Pope: 'Death penalty represents failure' – no 'humane' way to kill a person

Pope Francis outlines the Catholic church’s opposition to capital punishment in a letter to the International Commission against the Death Penalty

The Guardian, AP, Vatican City, Friday 20 March 2015

The pope wrote that the principle of legitimate personal defense
isn’t adequate justification to execute someone. Photograph: Zuma/Rex

Pope Francis says nothing can justify the use of the death penalty, and there is no “right” way to humanely kill another person.

Francis outlined the Catholic church’s opposition to capital punishment in a letter to the International Commission against the Death Penalty, a group of former government officials, jurists and others who had an audience with him at the Vatican on Friday.

The pope wrote that the principle of legitimate personal defense isn’t adequate justification to execute someone. “When the death penalty is applied, it is not for a current act of aggression, but rather for an act committed in the past.”

“Nowadays the death penalty is inadmissible, no matter how serious the crime committed,” Francis declared. He was building on church teaching, including pronouncements during St John Paul II’s papacy, that modern prison systems make executions unnecessary.

Capital punishment “does not render justice to the victims but rather fosters vengeance”, Francis added.

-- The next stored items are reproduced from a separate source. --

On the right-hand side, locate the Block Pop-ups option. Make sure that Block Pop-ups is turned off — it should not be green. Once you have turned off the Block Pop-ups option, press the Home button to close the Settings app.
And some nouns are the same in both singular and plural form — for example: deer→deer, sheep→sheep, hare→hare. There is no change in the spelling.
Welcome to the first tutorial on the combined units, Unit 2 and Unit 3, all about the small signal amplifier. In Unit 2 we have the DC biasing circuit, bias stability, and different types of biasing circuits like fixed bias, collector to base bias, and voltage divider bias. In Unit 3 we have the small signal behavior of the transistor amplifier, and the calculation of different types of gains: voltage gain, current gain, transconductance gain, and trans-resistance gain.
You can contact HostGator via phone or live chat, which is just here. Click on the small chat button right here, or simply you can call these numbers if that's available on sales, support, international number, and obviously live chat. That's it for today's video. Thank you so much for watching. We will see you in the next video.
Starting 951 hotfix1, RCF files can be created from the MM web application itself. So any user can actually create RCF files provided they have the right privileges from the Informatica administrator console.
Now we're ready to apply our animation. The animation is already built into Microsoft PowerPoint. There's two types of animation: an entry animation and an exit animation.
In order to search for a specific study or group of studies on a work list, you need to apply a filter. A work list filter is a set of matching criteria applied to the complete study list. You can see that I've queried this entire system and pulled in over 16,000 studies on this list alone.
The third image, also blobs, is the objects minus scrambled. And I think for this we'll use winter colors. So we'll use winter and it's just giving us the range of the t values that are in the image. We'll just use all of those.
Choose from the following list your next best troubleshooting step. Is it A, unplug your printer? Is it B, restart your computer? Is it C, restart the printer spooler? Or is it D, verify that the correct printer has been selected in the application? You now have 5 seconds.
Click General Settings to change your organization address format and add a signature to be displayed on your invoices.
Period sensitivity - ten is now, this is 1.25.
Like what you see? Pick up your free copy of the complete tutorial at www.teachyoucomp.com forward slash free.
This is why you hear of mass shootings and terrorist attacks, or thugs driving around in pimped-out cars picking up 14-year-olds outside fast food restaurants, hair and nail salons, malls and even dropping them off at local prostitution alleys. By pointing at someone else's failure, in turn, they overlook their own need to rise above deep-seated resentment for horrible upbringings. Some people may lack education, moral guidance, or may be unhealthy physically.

“For the rule of law, the death penalty represents a failure, as it obliges the state to kill in the name of justice,” Francis told the anti-death penalty advocates.

While he didn’t mention the US by name, Francis cited debates about which method should be used to carry out executions. “There is discussion in some quarters about the method of killing, as if it were possible to find ways of ‘getting it right’,” the pope said.

“But there is no humane way of killing another person,” Francis concluded.

In previous comments, Francis denounced life imprisonment as unjustifiable punishment. In his remarks Friday, he called life terms a “sort of covert death penalty”, since it “deprives detainees not only of their freedom, but also of hope”.